Flights from fall’s first front

Well, it’s fall. I mean, really fall. The kind with birds in it. On the 30th Ron Robinson had two Rose-breasted Grosbeaks at his feeder west of Gainesville and Andy Kratter heard two more flying over his SE Gainesville home. Andy also estimated 300 calling Swainson’s Thrushes flying over before dawn. Often – for reasons that aren’t clear to anyone – hearing lots of birds flying over before sunrise doesn’t translate to birds in the woods after sunrise. But this time it did. The same morning Andy heard all the Swainson’s, Chris Burney tallied 16 of them along the Prairie Creek Preserve’s Lodge Trail (“probably more – seen and calling in almost every location”).

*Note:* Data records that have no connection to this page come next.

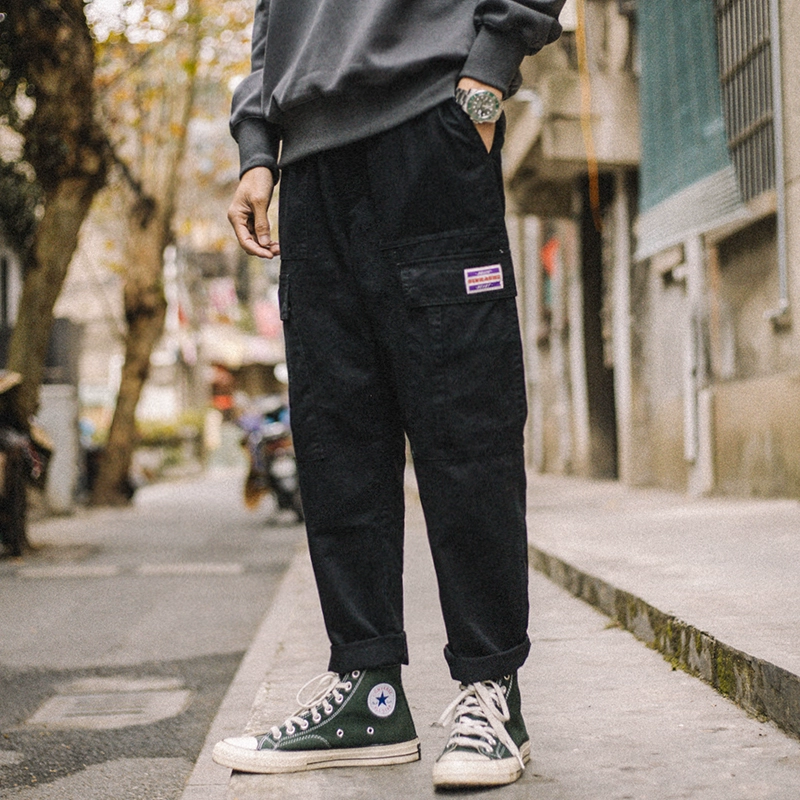 Rabbit Xiansen Quần áo bảo hộ lao động mùa xuân và mùa thu Quần nam Tide Thương hiệu Nhật Bản Retro skateboard Loose Straight Casual Casual Quần thường - 3/4 Jeans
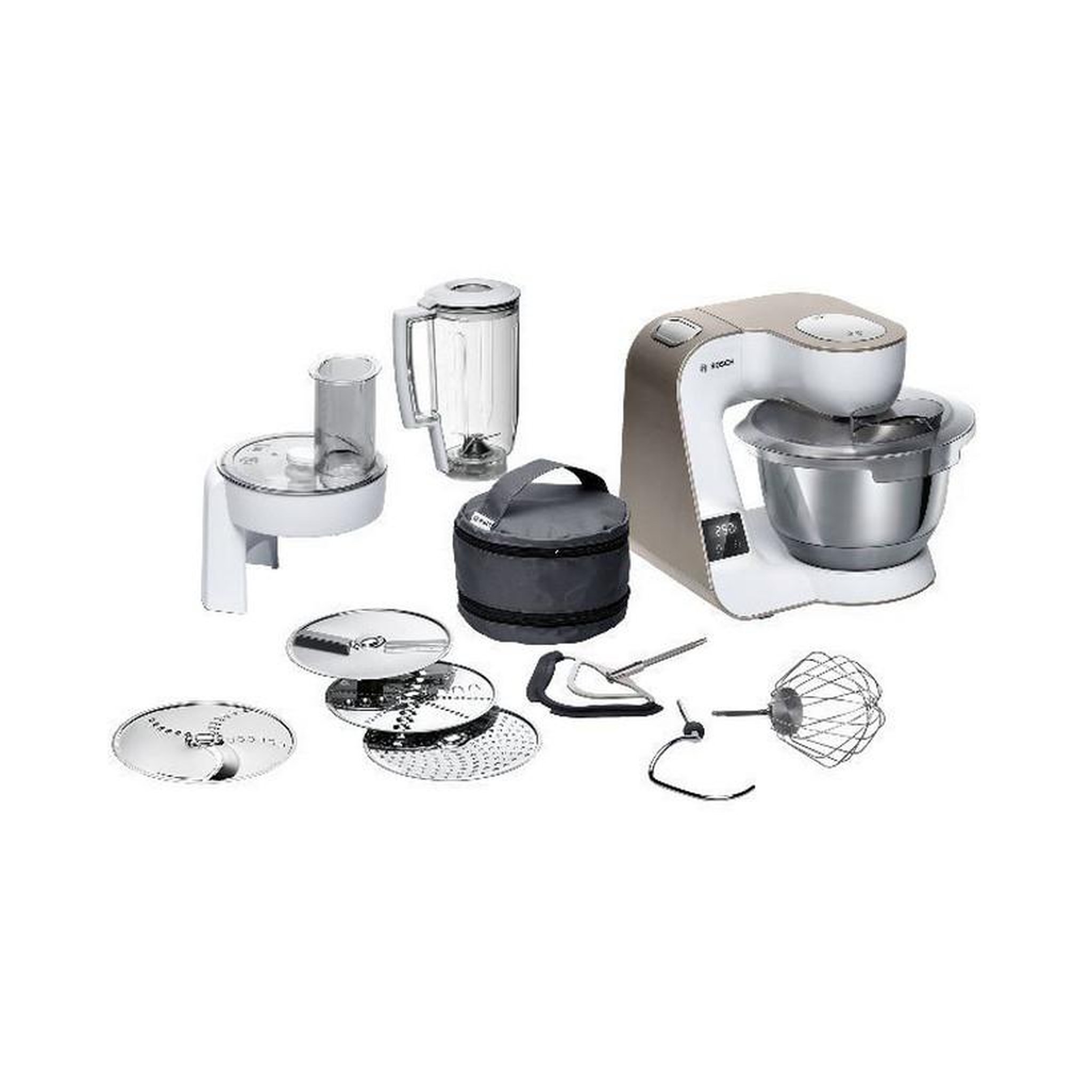 Voir la diapositive 2 : BOSCH Robot pâtissier multifonction 3.9l 1000w blanc/champagne - mum5xw20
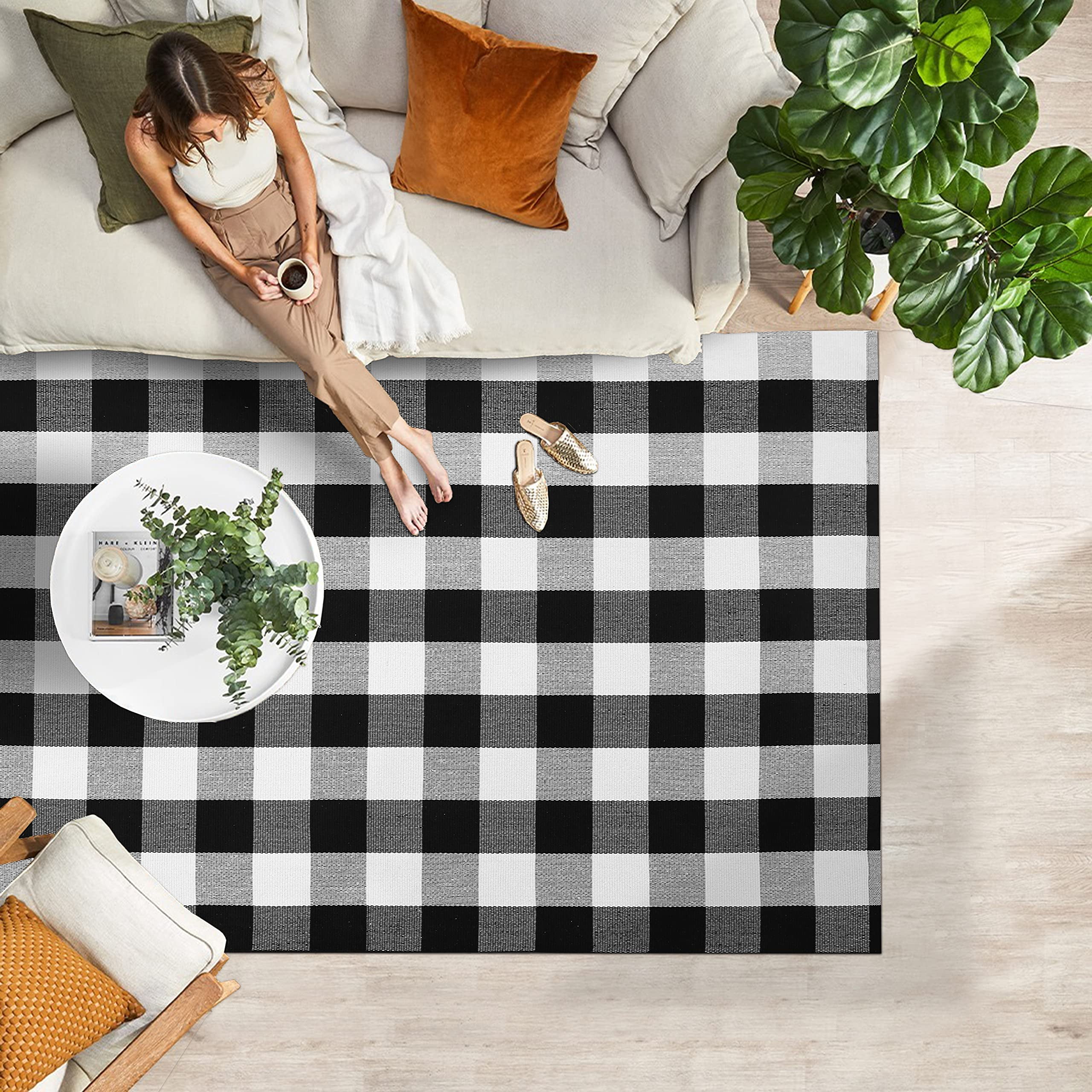 Honeybloom Buffalo Check Plaid Welcome Coir Mat, 18x30, Black Sold by at Home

He also had two Gray-cheeked Thrushes, a Scarlet Tanager, and 15 species of warblers including 4 Blackburnians, 5 Chestnut-sideds, 4 Black-throated Blues, and 10 American Redstarts.

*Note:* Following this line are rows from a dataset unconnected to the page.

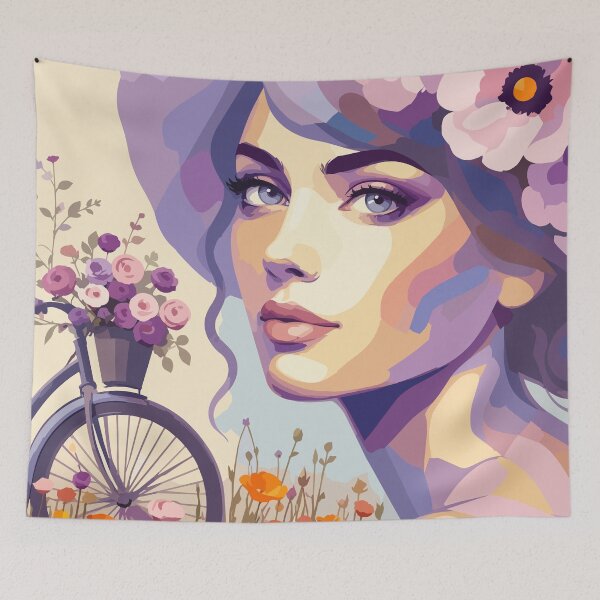 Item preview, Vintage Floral Bicycle Woman Portrait designed and sold by ArtByBoya.
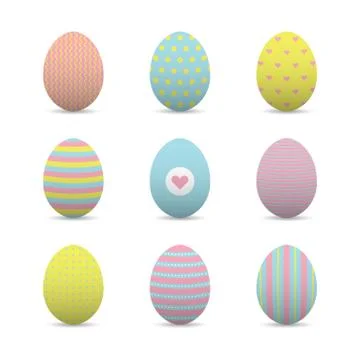 Set of colorful realistic easter eggs Illustrazione stock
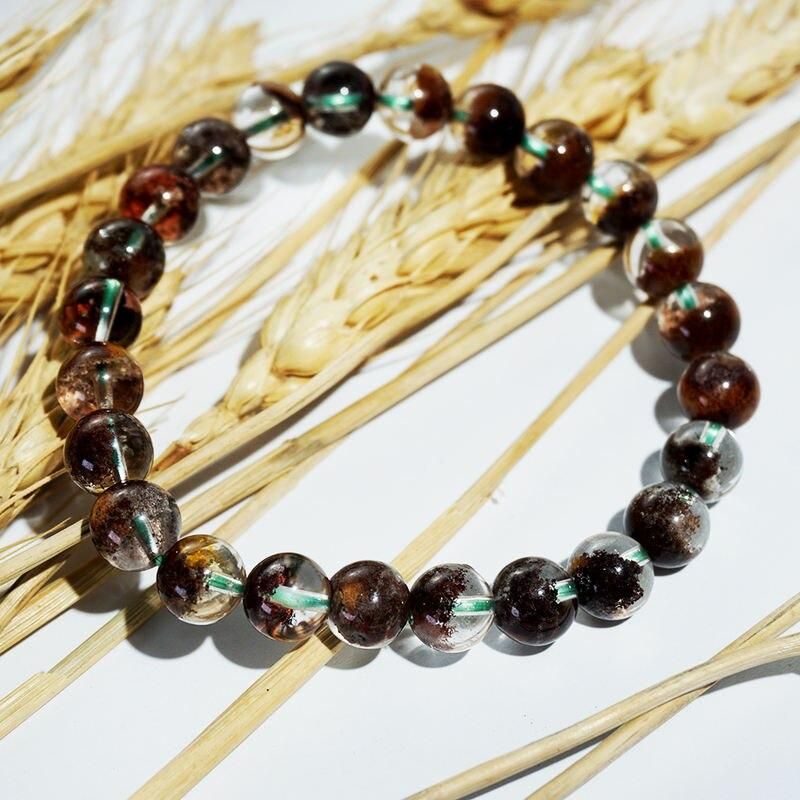 Brazilian Natural Phantom Quartz Elastic Bead Bracelet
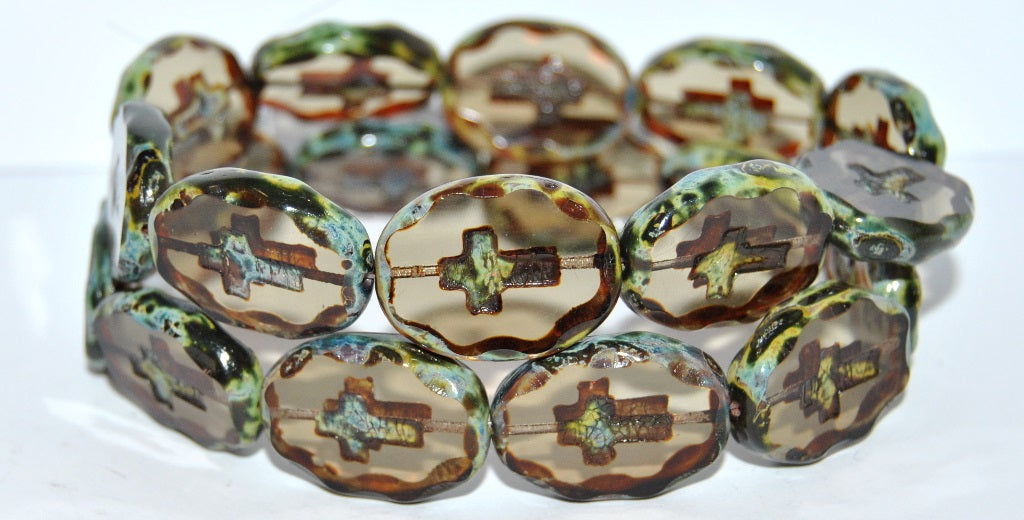 Table Cut Oval Beads With Cross, Transparent Brown Travertin (10210 86800), Glass, Czech Republic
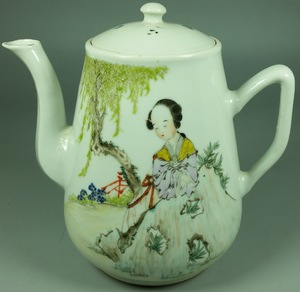 清代瓷器 大名家徐善琴 浅降彩仕女纹 全品 执 壶 古玩古董古瓷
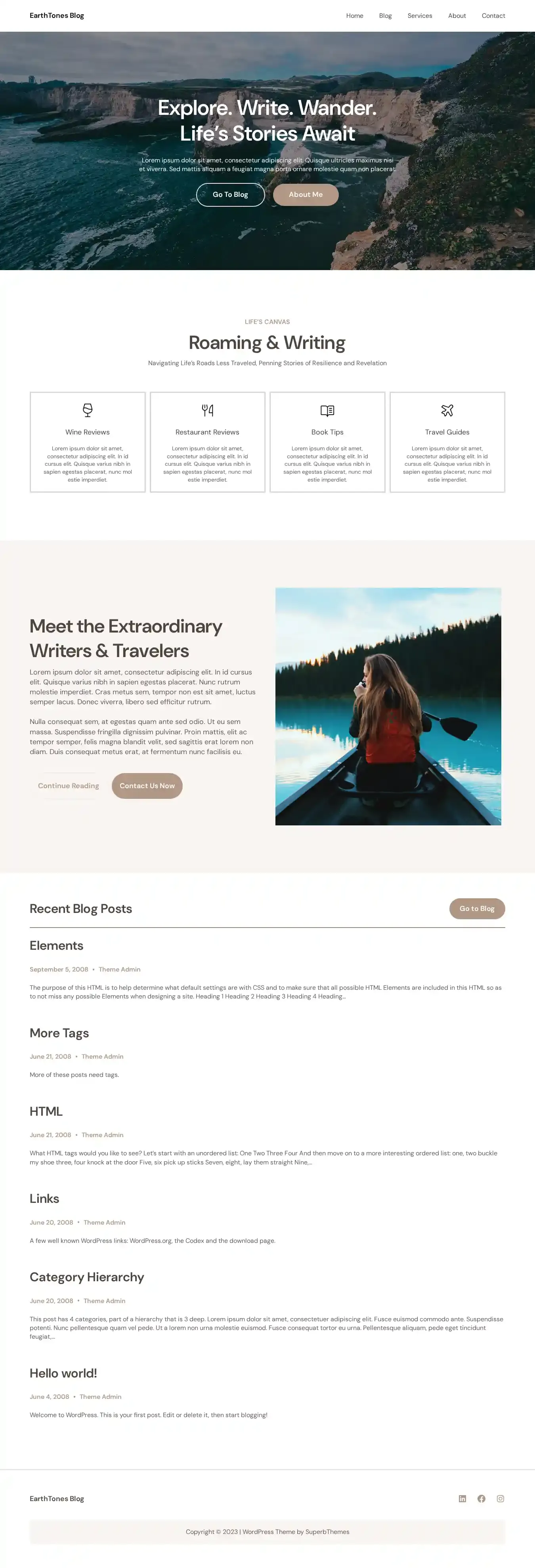 EarthTones Blog home page on desktop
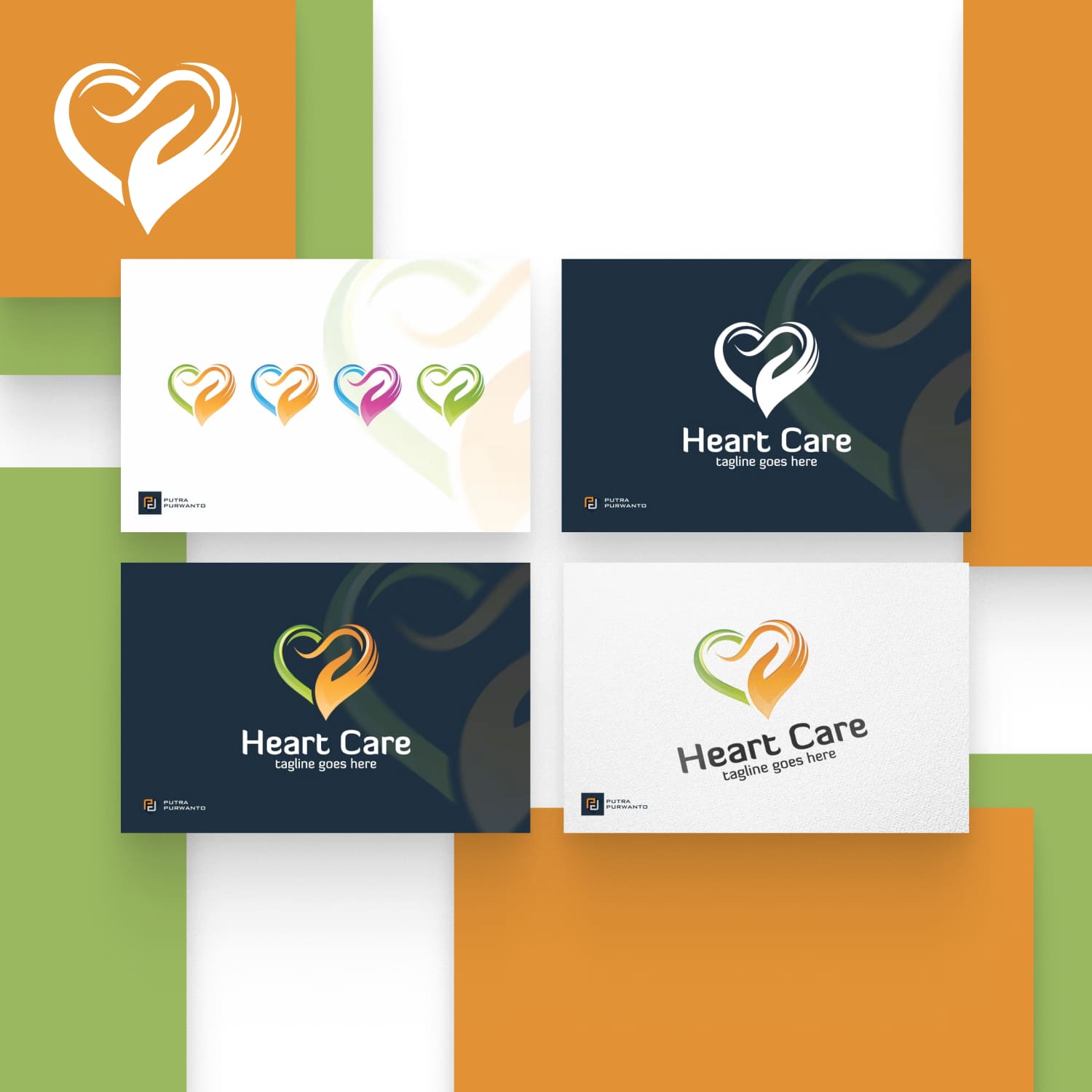 Heart Care - Logo Template cover.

You may be able to see a few of these birds yourself during Alachua Audubon’s two field trips this weekend, one with Adam Kent at San Felasco Hammock’s Progress Center on Saturday and one with Barbara Shea at Powers Park and Palm Point on Sunday. Meeting times and places are here: https://alachuaaudubon.org/classes-field-trips/

Some winter birds are moving in. A couple of early Ruby-crowned Kinglets were reported: on the 20th Bryan Tarbox saw one along the Gainesville-Hawthorne Trail “half-way between Boulware Springs Park & La Chua,” and on the 21st Adam Zions saw one at Bell Ridge Longleaf Wildlife and Environmental Area in eastern Gilchrist County. These were the first two Ruby-crowned Kinglets in Florida this fall. Less surprisingly, Palm Warblers are increasing. A total of four were spotted on migration count, one in each of four different locations. Tom Tompkins noted four at the airport on the 21st, and they’ve been reported to eBird pretty much daily since then. Gray Catbirds are also getting more common. The first was seen on the 20th, and they’ve been reported every day since. Usually their numbers peak somewhere around October 10th, but Jennifer Donsky has already reported 18 on a single walk, along the La Chua Trail on the 30th.

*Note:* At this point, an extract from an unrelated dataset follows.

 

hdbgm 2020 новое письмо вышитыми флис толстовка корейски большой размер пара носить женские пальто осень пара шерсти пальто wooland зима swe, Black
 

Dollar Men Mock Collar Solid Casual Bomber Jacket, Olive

(By the way, returning to Adam Zions’s Ruby-crowned report, Bell Ridge Longleaf WEA is a 720-acre property northwest of Newberry, owned and managed by Fish and Wildlife Conservation Commission. Described as “one of the highest quality longleaf pine sandhill forest tracts in Florida,” it’s near the intersection of State Road 47 and County Road 232 in eastern Gilchrist County. An overview can be seen here and a trail map here. If you’d like to learn more about the ecology of the place, you can read the FWC’s management plan.)

Remember this weekend’s field trips. And the weekly Wednesday Wetlands Walks at Sweetwater Wetlands Park, beginning at 8:30 every Wednesday morning.